2. The respondent denied the claim and averred that it had no control over the Municipal Council of Meru or any other relevant authority who had allegedly denied the appellant the requisite trading licenses and permits and or stopped the works hence were not answerable for the alleged loss and damage.
3. The appellant told the court he entered a lease/tenancy agreement dated 23.3.2020 with the respondent in 2003 for a period of 5 years and 3 months for an open ground measuring 19 ½ meters by 10 meters with an intention of building temporary commercial rental structures. He produced the lease agreement as P exh 1.
4. After taking over the premises, PW1 testified that he constructed six houses at the front and started a foundation for another two at the rear side only for the Meru Municipal Council to stop his works alleging he was encroaching on a road reserve.
5. PW1 stated he enquired from the respondent over the alleged encroachment of the rented premises and while awaiting the issue to be resolved, he fell into rent arrears. The respondent gave him a grace period of 6 months to settle in the premises and embark on payments. He averred he also noted the size of the rented land was smaller than reflected in the lease agreement.
6. Further, PW1 testified in December 2004, he visited his tenants only to be told that they had allegedly entered into a separate tenancy agreements with the respondent for Kshs. 1,800/= instead of Kshs. 2,800/= per month initially agreed with him. According to him, this was without his knowledge, consent or notification by the respondent.
7. PW1 testified that he wrote several letters to the respondent dated 22.7.2004, 22.9,2003, 18.2.2004, 31.5.2004, 9.12.2004, 13.5.2006, 6.3.3006 and 30.9.2017. He produced them as P exh 1 – 13 respectively.
8. PW1 stated as a consequence of the above, he had not enjoyed the suit premises at all and that the respondent had not given him a notice to terminate the tenancy.
9. In cross-examination, PW1 admitted he had not conducted a search to confirm the measurements of the leased premises through a land surveyor before signing the agreement since he trusted the respondent since he was a member of the respondent society. He denied he had breached any clause of the tenancy agreement on boundaries by non-payment of rent and or subletting the premises.
10. PW1 admitted however receiving letters dated 6.3.2006, 13.8.2007 and 11.10.2004 seeking for the rent arrears. Further, PW1 clarified that the respondents took over the leased premises in 2004 and put in new tenants.
11. Regarding the letter dated 23.7.2002, PW1 admitted the Municipal Council of Meru was trying to recover part of the leased property from the road reserve though he had followed the boundary as fixed by the respondent hence his letter dated 22.9.2003 raising the issue of the plot size but the respondent declined to respond to it.

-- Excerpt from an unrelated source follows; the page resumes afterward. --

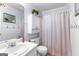 Neat bathroom equipped with a vanity sink, toilet, shower with curtain, and wall-mounted storage, promoting functionality at 122 Hilo Rd, Fayetteville, GA 30215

12. Even though he admitted owing the respondent Kshs. 55,000/= rent arrears, PW1 stated he did not clear the amount after their relationship deteriorated. Asked why he had not filed a suit at the Business Premises Rent Tribunal, PW1 testified after he was removed from the premises, he had no option but to seek for special and general damages.
13. PW1 denied that he was the one who had breached the tenancy agreement by not paying rent on time and also failing to secure the requisite licences/permits from the Municipal Council of Meru.
14. In re-examination, PW1 admitted the boundaries of the plot had been fixed by the respondent through erection of wooden posts. Similarly, PW1 admitted his construction had the approval of the Municipal Council of Meru for a temporary commercial structure during the lease period which was to expire in 2007.
15. PW1 admitted he suspended the payment of the rent arrears because of the dispute and especially after the respondent allegedly refused to go for arbitration. He insisted the suit property together with his structures was allegedly leased to third parties hence his claim for damages.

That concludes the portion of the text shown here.